Die historische Hafenstadt Cherbourg ist heute ein Ortsteil und die Kernstadt von Cherbourg-en-Cotentin. Sie war bis 2000 eine selbständige Gemeinde im Département Manche in der Region Normandie im Norden Frankreichs. Die Hafenstadt hat einen Seehafen mit einer Flottenbasis der französischen Marine und einem nennenswerten Yachthafen. Die an der Nordküste der Halbinsel Cotentin direkt am Ärmelkanal gelegene Stadt ist Sitz einer Unterpräfektur. Im Jahr 2000 fusionierte die Stadt Cherbourg mit der Nachbargemeinde Octeville und trug seither den Doppelnamen Cherbourg-Octeville. Mit dem Jahresbeginn 2016 kam es zur weiteren Fusion von Cherbourg-Octeville mit Équeurdreville-Hainneville, La Glacerie, Querqueville und Tourlaville, und so heißt die gesamte Gemeinde heute Cherbourg-en-Cotentin.

Geographie

Cherbourg liegt auf der Halbinsel Cotentin. Im Osten liegt die Landschaft Val de Saire, und im Westen liegt die Landschaft La Hague.

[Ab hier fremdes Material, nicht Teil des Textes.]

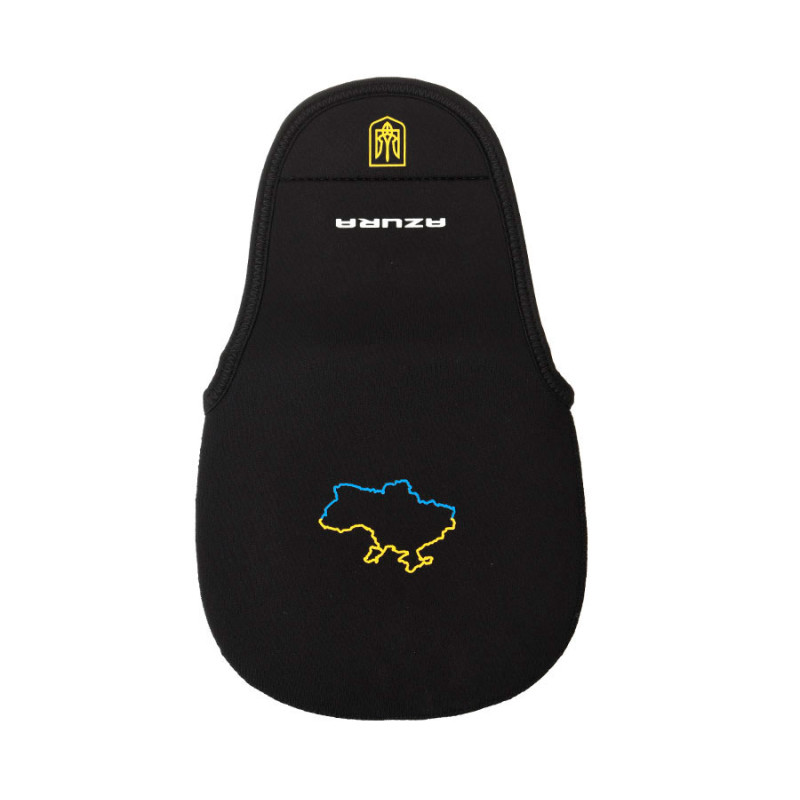 Чохол Azura Neoprene Reel Bag Ukraine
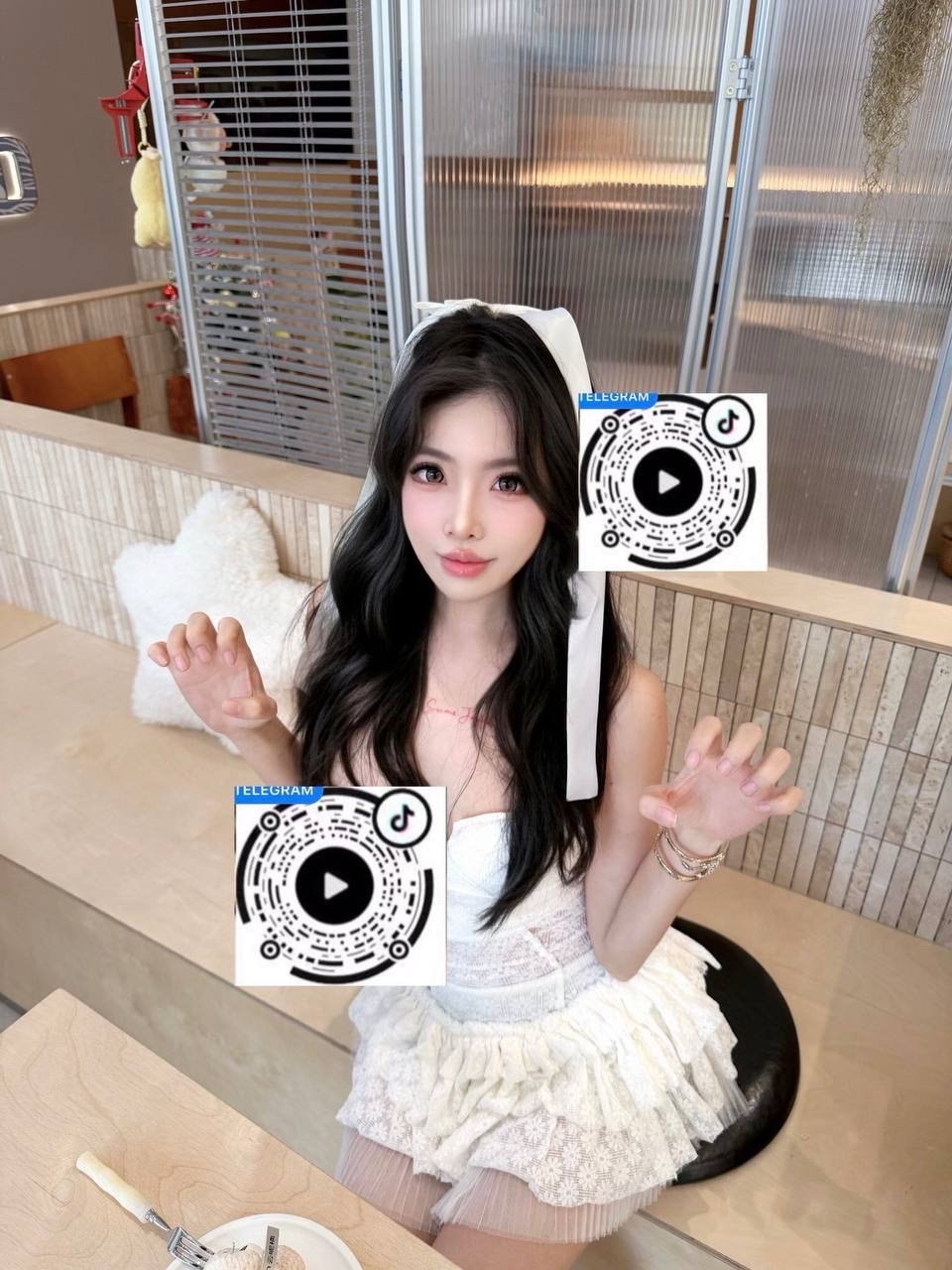 奶雯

Angrenzende Gemeinden waren:

Klima

Klimadiagramm von Cherbourg-Chantereyne
Klimadiagramm von Maupertus-sur-Mer bei Cherbourg

Geologie

La Montagne du Roule; im Vordergrund das Kommerzbecken

Der felsige Untergrund der Reede besteht aus Schiefer aus dem Neoproterozoikum.[1] In La Glacerie wurde Schiefer aus dem Kambrium gewonnen. Nämlich haben die typischen Häuser in Cherbourg Fassaden aus Schiefer.[1] Die Montagne du Roule, deren Fallen 45° beträgt, besteht aus armorikanischem Sandstein.[1] Der Sandstein wurde aus dem Ordovizium während der variszischen Orogenese gefaltet.

Verkehrsanbindung

Cherbourg ist Endpunkt der N13.

Cherbourg wird von der vom Département Manche betriebenen Buslinie Manéo Nr. 1 angefahren (Buslinie Saint-Lô-Carentan-Valognes-Cherbourg).[2] Mit der Buslinie Manéo Nr. 10 kann man Barneville-Carteret erreichen, und mit der Buslinie Manéo Nr. 12 kann man Barfleur erreichen. Cherbourg liegt an der Bahnstrecke Paris–Caen–Cherbourg.

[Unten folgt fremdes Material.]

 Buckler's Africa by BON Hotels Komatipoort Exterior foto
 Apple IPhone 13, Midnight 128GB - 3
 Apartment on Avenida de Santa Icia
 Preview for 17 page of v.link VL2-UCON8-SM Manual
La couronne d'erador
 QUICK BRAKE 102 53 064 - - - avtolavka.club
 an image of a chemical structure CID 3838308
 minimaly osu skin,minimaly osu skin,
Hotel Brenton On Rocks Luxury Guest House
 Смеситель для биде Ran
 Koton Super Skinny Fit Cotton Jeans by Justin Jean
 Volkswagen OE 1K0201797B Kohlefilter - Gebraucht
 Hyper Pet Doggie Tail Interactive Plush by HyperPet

Die Stadt verfügt über einen Fährhafen mit internationalem Fährbetrieb nach England und Irland. Seit dem Ausscheiden des Vereinigten Königreichs aus der EU hat die Bedeutung der Fährverbindung stark zugenommen, weil direkte Fährverbindungen mit Irland Grenzformalitäten vermeiden.

Toponymie

Höchstwahrscheinlich leitet sich Cherbourg vom skandinavischen kjarr = Sumpf und borg = Befestigung (vgl. deutsch: Burg), ab. Vor der Wikingerzeit hieß Cherbourg auf Gallisch coriallum, das wahrscheinlich schon die gleiche Bedeutung hatte,[3] oder Cherbourg stammt aus dem angelsächsischen ker (englisch: moor) und burgh (englisch: town).[4] Die Wurzel kjarr/ker ist auch in anderen Ortsnamen in der Normandie zu finden, etwa in Villequier und Gonfreville-l’Orcher.

Geschichte

Schon im 4. Jahrhundert bestand nach Forschungsergebnissen an der Stelle des heutigen Cherbourg ein befestigtes spätrömisches Castrum mit dem Namen Coriallo oder Coriovallo, das im Rahmen des Litus Saxonicum aufgebaut wurde. Der Name Coriallo änderte sich in *Ċiriċeburh „Dorf der Kirche“ in altenglischen zur Zeit der Völkerwanderung oder der Wikinger.[5] Das genaue Gründungsdatum des Schlosses von Cherbourg ist unbekannt, aber 1026 ist es in einer Urkunde als eines der bedeutendsten der damaligen Zeit erwähnt. 1066 wird ein Graf Gerbert von Cherbourg im Heer Wilhelms des Eroberers bei Hastings genannt.[6] Als König Stephan 1139 im Kampf um die Bewahrung seiner Herrschaft im anglo-normannischen Reich in die Normandie einfiel, konnte er Cherbourg erst nach zweimonatiger Belagerung einnehmen. Gottfried von Anjou bemächtigte sich der Stadt 1142 wieder und seine Gattin, die frühere Kaiserin Matilda, gründete hier drei Jahre später die Abtei Notre-Dame du Vœu. König Philipp II. August von Frankreich nahm Cherbourg während seiner Eroberung der Normandie im Jahr 1204 kampflos und erteilte dem Ort das Recht des Handels nach Irland.[7] 1284 und 1293 wurde die Stadt geplündert und niedergebrannt, doch ihre Burg, in der sich die Einwohner verschanzt hatten, widerstand den Angriffen. Philipp IV. befestigte daraufhin 1300 Cherbourg stärker. Anfang des 14. Jahrhunderts waren somit Schloss und Stadt mit einem Ring starker Mauern umgeben.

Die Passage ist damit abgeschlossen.